> **Your goal**
From the entries below, reproduce exactly the line containing "Stamp of Approval", the line containing "Sioux Indian Oil Painting - Henry Metzger", and every line in between, with nothing added.

> **Data records**

---+---

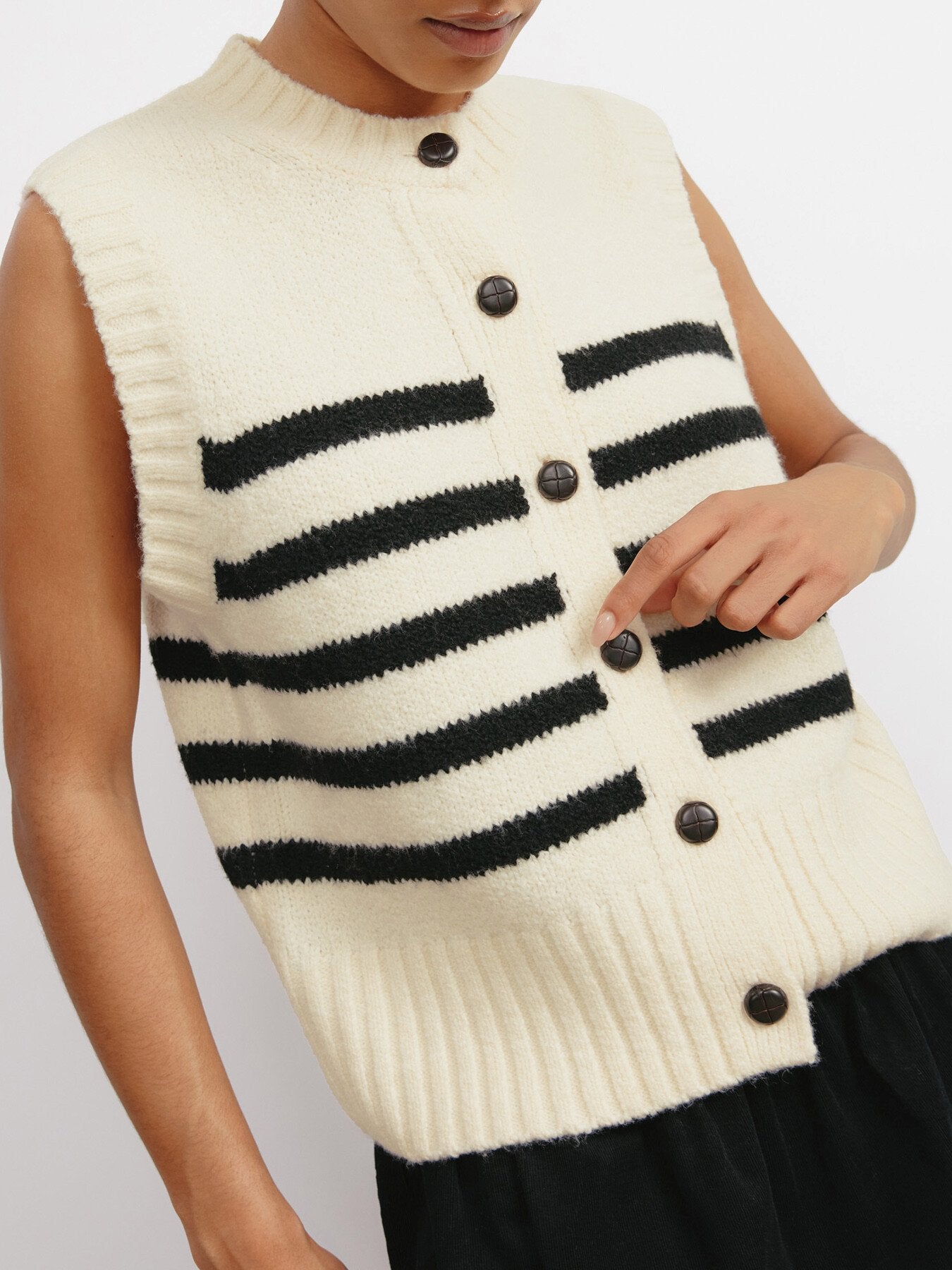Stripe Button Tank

---+---

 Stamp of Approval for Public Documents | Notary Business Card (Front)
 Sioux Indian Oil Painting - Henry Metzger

---+---

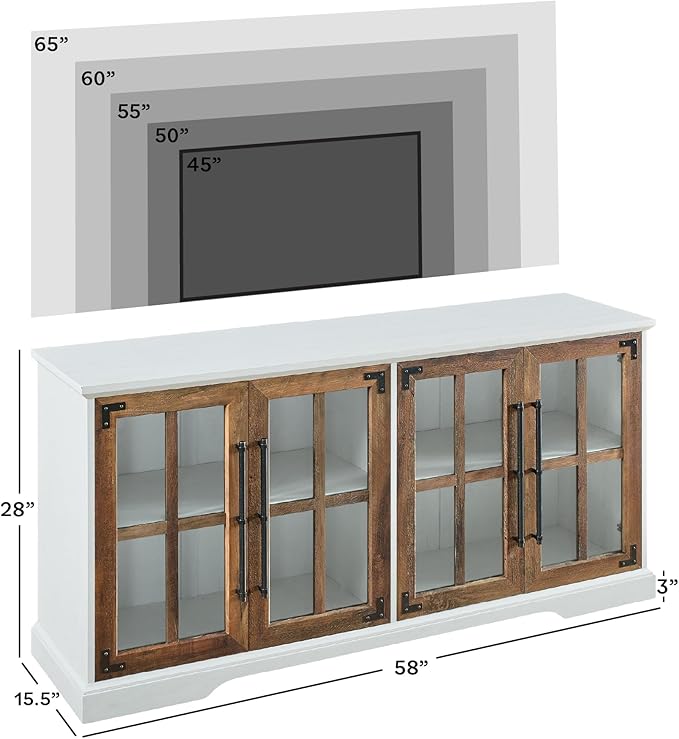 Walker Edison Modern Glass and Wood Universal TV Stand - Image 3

---+---

> **Answer box**
 Stamp of Approval for Public Documents | Notary Business Card (Front)
 Sioux Indian Oil Painting - Henry Metzger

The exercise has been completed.